Some UK police forces are using ‘intelligence markers’ to track vehicles which are being driven by convicted drink drivers to see if they are repeating their unlawful behaviour.
This data comes from Freedom of Information requests submitted to 44 police forces by Auto Express and show that not all forces are monitoring vehicles in this way, although some are using this electronic tagging tactic to track previously disqualified motorists.
How do they work?
These markers work through being detected by automatic number plate recognition cameras which alert police when a disqualified driver is on the move. One of the reasons behind this measure is that 12% of drink drivers have been found to go on to commit the same offence, and 30% of those caught with more than twice of the legal limit of alcohol in their system go on to drink drive again.
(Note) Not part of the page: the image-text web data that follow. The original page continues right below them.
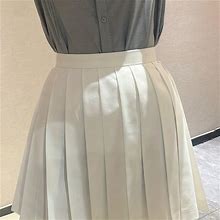 High Waist Solid Color Skirt, Women's Pleated Skirt Kawaii Spring Summer Women's Clothing Skirt,White,Must-Have,Temu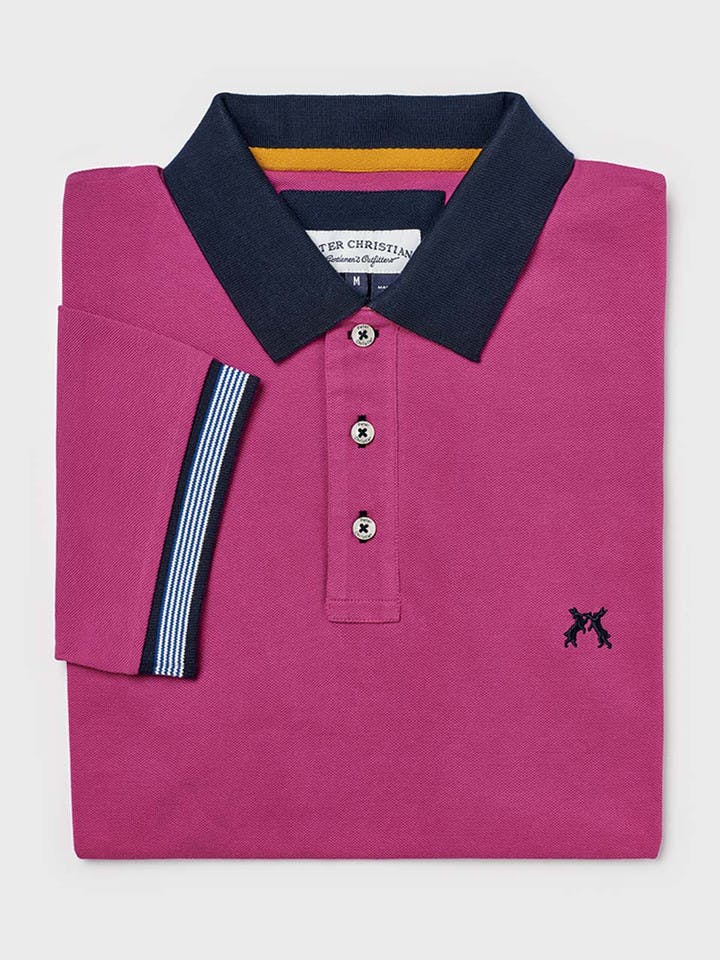 Men's Pink Piqué Cotton Polo Shirt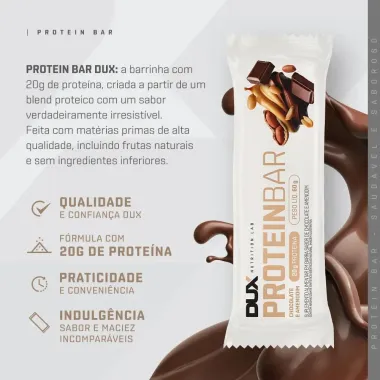 Barra de Proteína Dux Proteibar Chocolate e Amendoim 20g de Proteína com 60g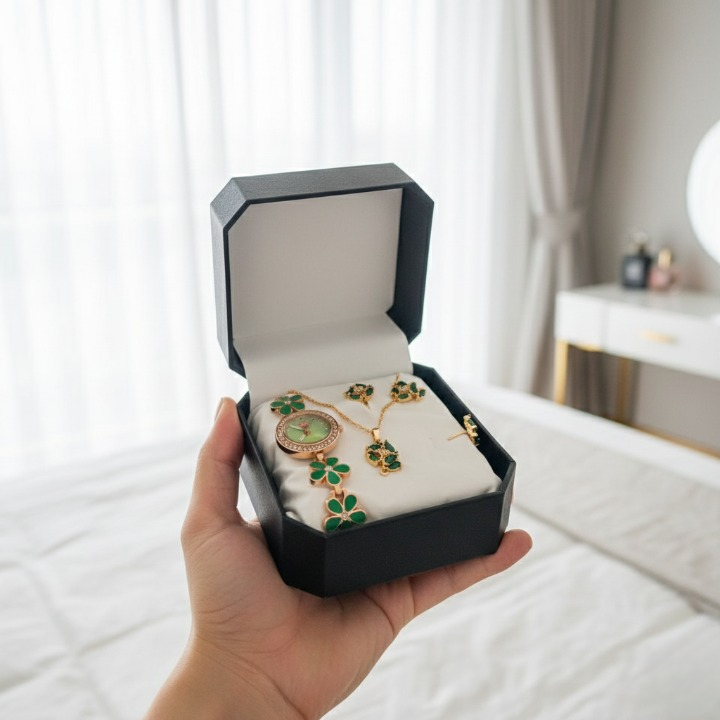 Ladies Jewellery And Bangle With Watch Elegant Stylish Durable Quality Timeless Fashion Accessory (With Box)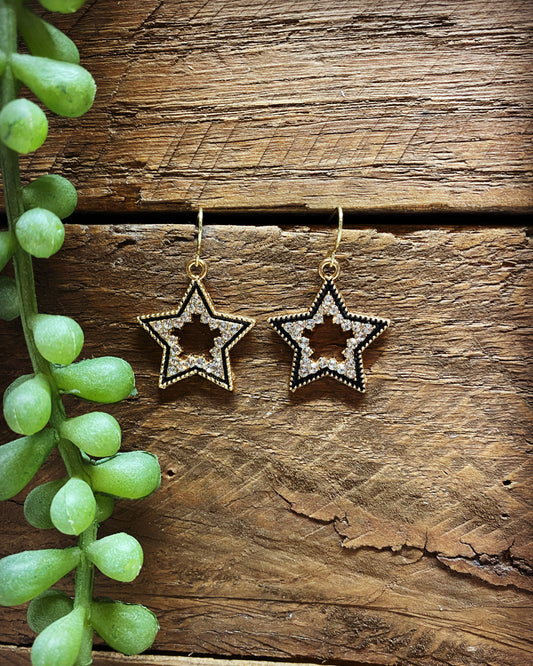 Happy Rhinestone Star Earrings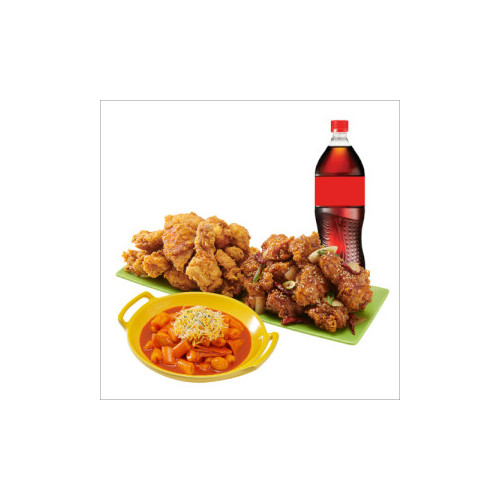 (순살/뼈)반반치킨(후라이드/깐풍)+떡볶이+콜라1.25L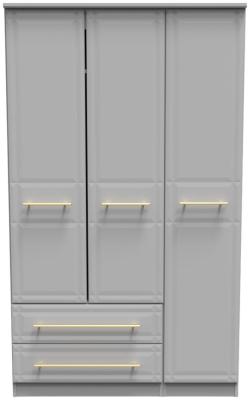 Faye Grey Matt 3 Door 2 Drawer Wardrobe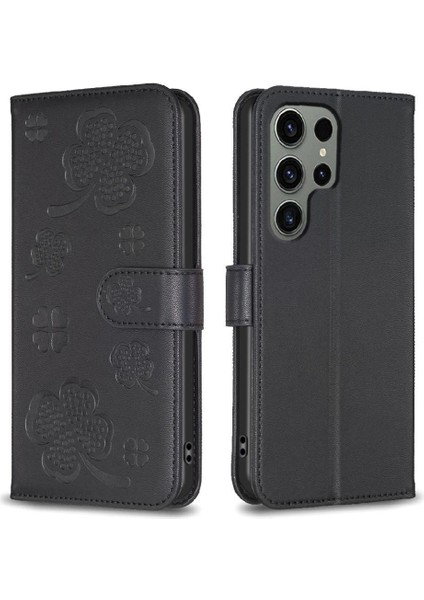 Samsung Galaxy S24 Ultra 5g Çok Renkli Pu Deri Yonca Için Flip Case (Yurt Dışından)
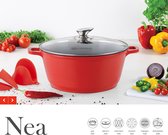 9380 Nea Non-Stick Diecast Stockpot cooking pot Rossa with Silicone Grips | 28cm | 6.1L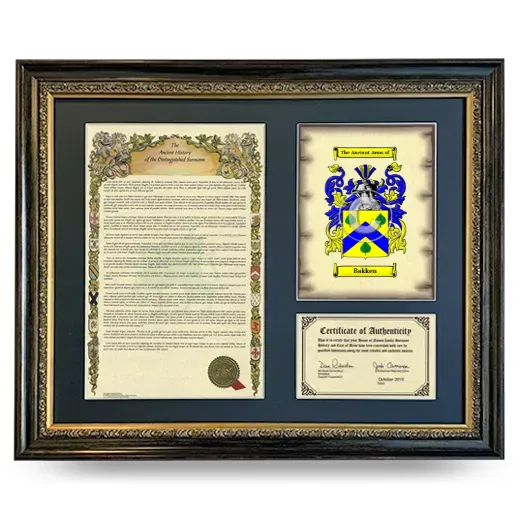 Bakken Framed Surname History and Coat of Arms- Heirloom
The Cheshire police force has the most marked cars with 1041 carrying active markers in total, whereas 2nd place Derbyshire only have 100 cars which have these trackers in place. Dorset police are tracking 92 cars, and Merseyside police attach markers once the driver has been convicted and/or disqualified.
Some police forces also said that they use these trackers to monitor people who have committed crimes other than drink driving too, with the Cleveland force stating that only 9.5% of the cars they have marked are convicted drink drivers.
Other police forces, such as Metropolitan and City of London, don’t use the markers at all but would do if there was credible intelligence which suggested that a convicted drink driver was using a vehicle despite being disqualified from driving.
AA president Edmund King has said that the objective of police forces using these markers should be to stop people from reoffending. In 2015 there were 1370 people seriously injured or killed in drink driving incidents which were the highest level since 2012 according to the Department for Transport, with alcohol being blamed for 12% of all road deaths, which shows how important deterring people from driving under the influence is.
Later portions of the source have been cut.